У женщины, прошу заметить, разделочные операции получались лучше, ибо работала древняя интуиция заготовщицы. По-настоящему хорошо дело пошло лишь тогда, когда они договорили не особо беречь шкуру, поняв, что все мясо взять все равно не смогут, оно просто не влезет в лодку. А получится ли на следующий день приехать сюда и забрать остатки – большой вопрос… В тундре вкусное долго не валяется. И все же, основное мясо они сняли, забрали голову, ноги и ливер. Порой дело доходило до откровенного хамства, когда Квест вырезал лучшие куски круговыми движениями.
Все, включая Аленку, измазались в крови по ногти на ногах, уже и не стараясь тщательно отмываться, – все едино, дома в баню надо будет идти. Работы было много, и управились они только к темноте.
Все-таки, жизнь не так уж и плоха!
Мясо есть, погода мирная, комары вылезают лишь на солнце, на вечернем холоде – ни одного.
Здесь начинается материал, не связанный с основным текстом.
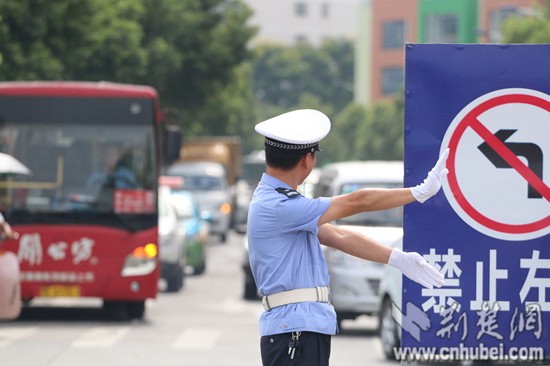 高新区交警大队告别三峡大学 正式移交管辖权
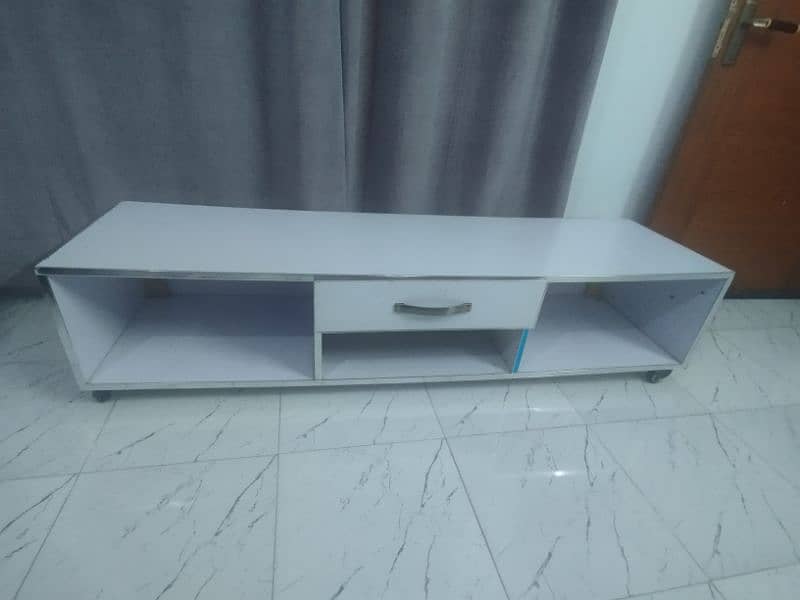 TV console 0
Да и днем оставшиеся комарики-одиночки какие-то сонные, ползают по полчаса, пока найдут где укусить. Мошка теряет агрессию, всё чаше стайно зависая над кустами в непонятном танце. Скоро и те и другие окончательно перейдут на растительный корм. Зато в прибрежных кустах было полно мокреца… Еще неизвестно, какое из зол хуже.
Наташе пару раз приходилось зажигать фонарь, тратя драгоценные батарейки, чтобы помочь ему выбраться из ветвей упавшего дерева. Димке безумно нравились эти мгновения, когда во мраке в отраженном свете вдруг вырисовывалось ее лицо, и дважды он без всякой надобности просил ее зажечь фонарь, просто чтобы полюбоваться.
Устье появилось неожиданно, лодку вынесло на большую воду и Квест почувствовал, что "резинка" вошла в основное течение. Крошечные деревца по берегам почти исчезли. Стало чуть светлее, и он понял, что сейчас надо следить внимательно, что бы не проскочить мимо хижины, хотя две возвышенности по обоим берегам Реки трудно было бы не заметить. Но лодка тяжелая, гружёная… Еще полчаса, и они дома. Над головами виднелось ясное сумеречное небо без облаков, а за бортом тихо катилась быстрая вода.
Женщина выпрямилась; он увидел блики неяркого звездного света в ее волосах. Разглядел он и гримасу на лице, когда она попробовала улыбнуться.
– Я из-за этого мяса повернуться не могу,– счастливо пожаловалась она,– левая нога совсем затекла. А на правой Аленка сидит.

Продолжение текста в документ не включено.